Stone walls are often built with architectural features that not only add to the visual appearance of the building, but also have the purpose of throwing water away from the stone below, helping to keep it dry.

Ornate stone frontage. From top: parapet with lead capped cope, moulded cornice, architrave framing window, string course. Spoiled by damp from blocked parapet gutter. Image courtesy of Historic Environment Scotland.


Formed at the head of walls to hide the roof and emphasise the frontage, the parapet will hide a ‘secret’ gutter. Parapets seldom have a damp proof course, so moisture can sometimes seep into the wall below, leading to rot in timbers set into the wall. The top and back of the parapet can be capped with lead to prevent moisture seepage.

Some parapets have stone balusters held in place by a stone coping. The coping stones may be secured with metal staples or cramps inset into the stone and backfilled with lead. The balusters may be secured with metal dowels. Metal fixings can rust leading to cracks. Copings may need to be removed to allow replacement stone balusters to be installed.


Stone cills under windows help to throw water away from the face of the building. Cracks in cills can allow the rain to become focused and to stain the stone below or saturate the wall. Sometimes the projecting cill is extended along the frontage to become a string course.


Stone cornices project about 150mm from the face of the building and are shaped or moulded. They are found as decorative chimney copings and at eaves level. They are also found above windows and doors, where they may be so deep that they are called hoods or canopies and supported on stone consoles.

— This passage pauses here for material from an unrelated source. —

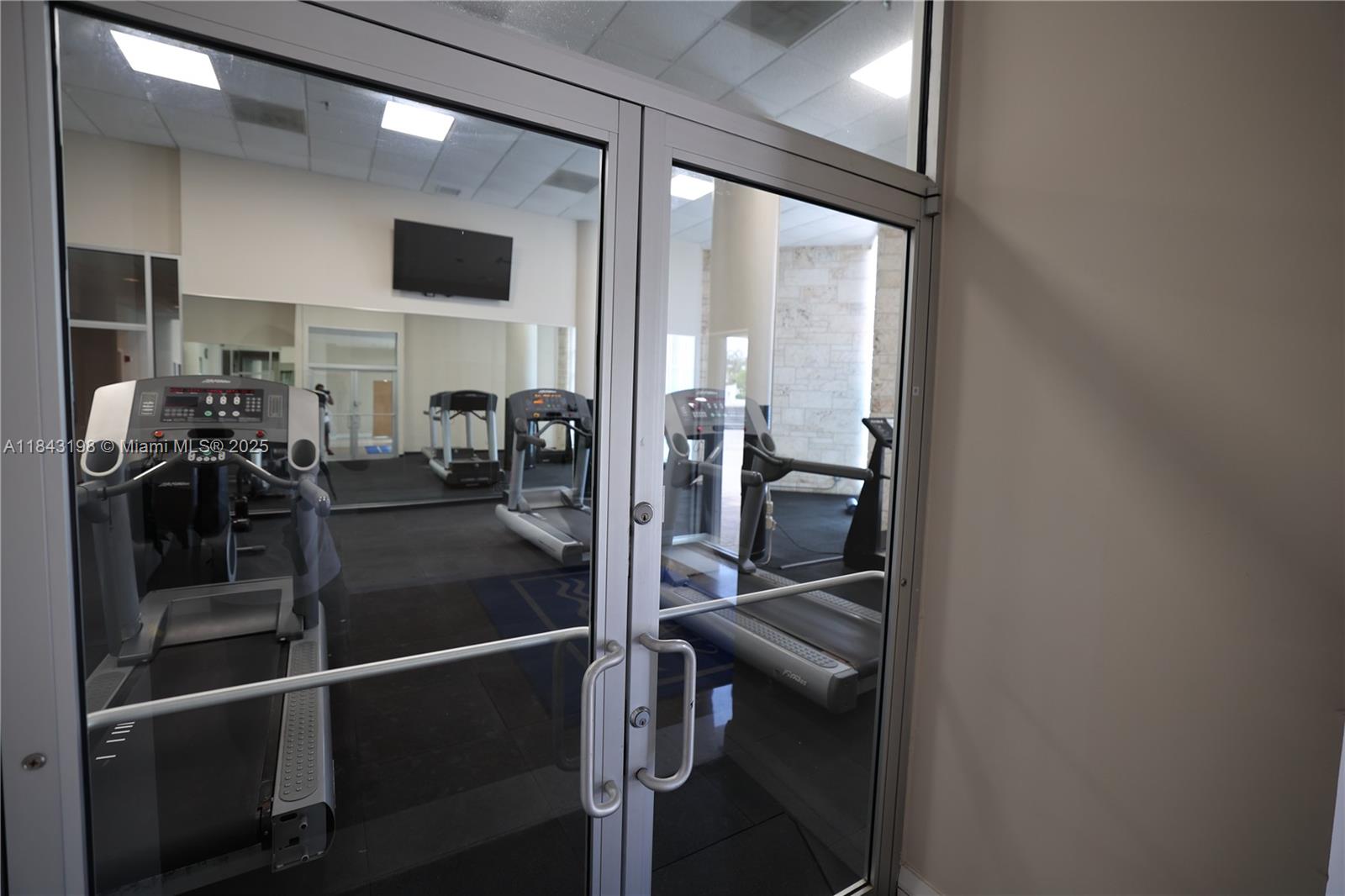 5151 Collins Avenue, Unit 927 Miami Beach, FL 33140 - Photo 15 of 19 a view of a hallway with the view of living room and window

Canopy supported on consoles. A sloping lead dressing or lime mortar fillet over this canopy will help stop rain bouncing back onto the wall above.

String courses

These are horizontal bands of stone which project from the face of the building. Their purpose is both decorative and functional, shedding water and protecting the stone below.

Plinth courses

Plinth courses are found at ground level and just above the slate damp proof course.

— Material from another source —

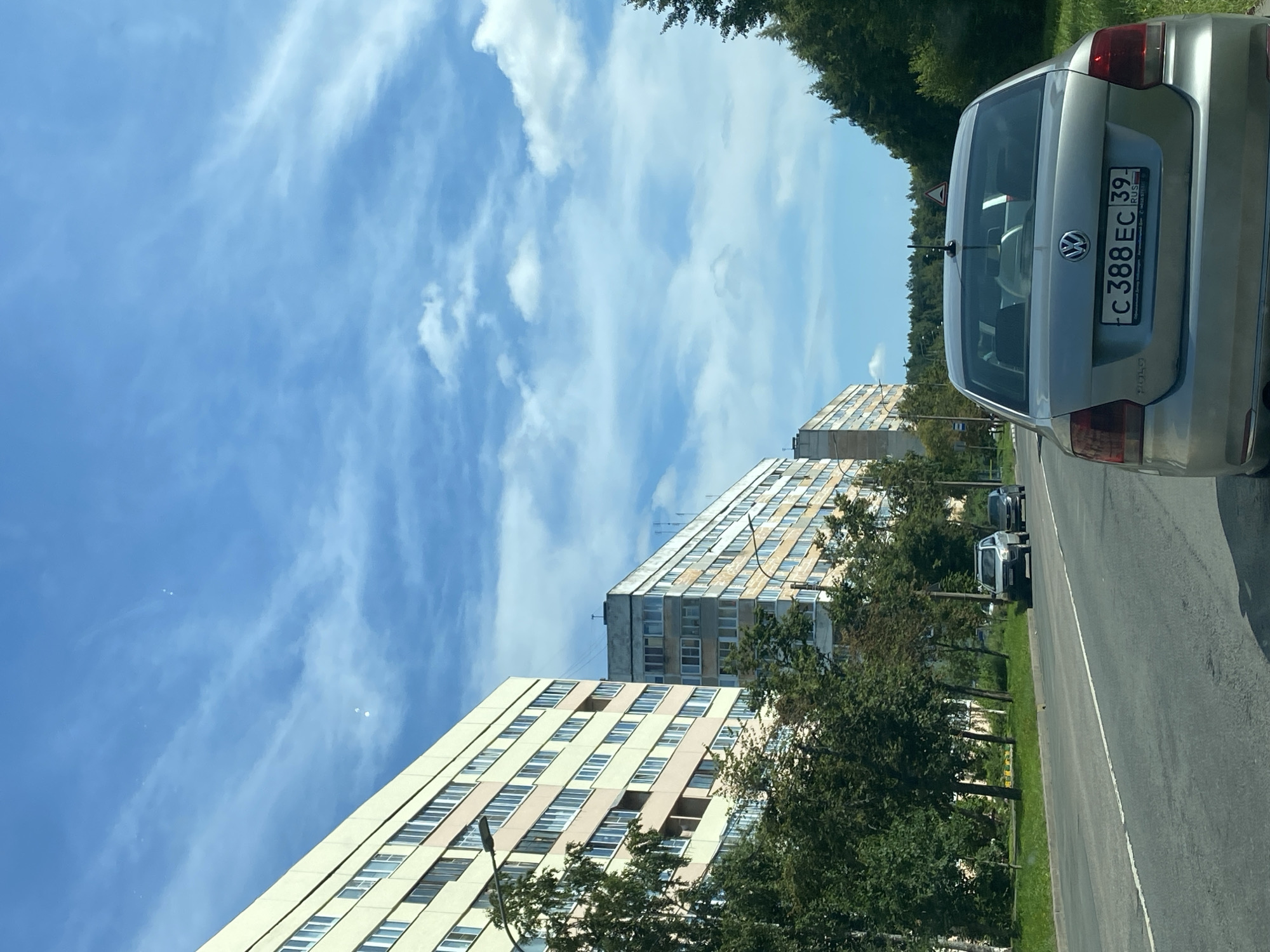 The image shows a street in Lomonosov, Russia, with residential buildings lining the left side and a dense forest on the right. In the foreground, a silver Volkswagen Polo sedan is visible from the rear, its license plate reading "C 388 EC 39 RUS". The car is on an asphalt road with a white line marking the lane. Several other cars are seen further down the road, including a silver SUV and a dark-colored sedan. Trees and streetlights are present along the sidewalk. The sky is blue with scattered white clouds.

Stone architraves frame window and door openings, although they are mostly found on Georgian buildings. Entrances can have canopies which extend further and are sometimes supported on consoles or pilasters. A portico will extend even further forming a porch over a doorway and is usually supported on columns.

Architraves. Image courtesy of Historic Environment Scotland.


Copings form a capping on the top of walls and chimneys. Chimney copes project from the face of the stone and may be square-edged or have a profiled cornice. A cap stone is added on top of this to secure the coping and provide a seating for the chimney posts. New chimney copings are sometimes formed in concrete in one piece.

Copings are also found at wallheads and may be secured together with recessed iron staples or cramps. The function of the coping is to protect the wallhead and throw moisture off the face of the building.

Ornate window canopy. These key features need to be kept clear of moss and plants and may benefit from a lead capping. Image courtesy of Annie Flint.

  • the top weathering surface is subject to a lot of moisture and can decay or delaminate
  • open joints allow self-seeded plants to take root, taking moisture right into the wall and pushing stones apart
  • rain can bounce off the top of string courses and canopies, allowing moss to grow and hold moisture to the stone, speeding up decay
  • throatings (drips), lips that stop rain running back along the underside and then down the wall, can become damaged
  • the iron cramps or staples securing copings may rust and damage the stone
  • joints should be well pointed
  • replace or indent new stone where the stone has decayed
  • a lime-based mortar fillet can be used on top of horizontal stone ledges to protect them and bounce rain away, but will need to be replaced every few years
  • cornices and hoods in exposed situations may need to be dressed with lead

Replacement stone canopy over window.

Professional help recommended?

You should seek professional advice with stone repairs which cover more than one or two square metres.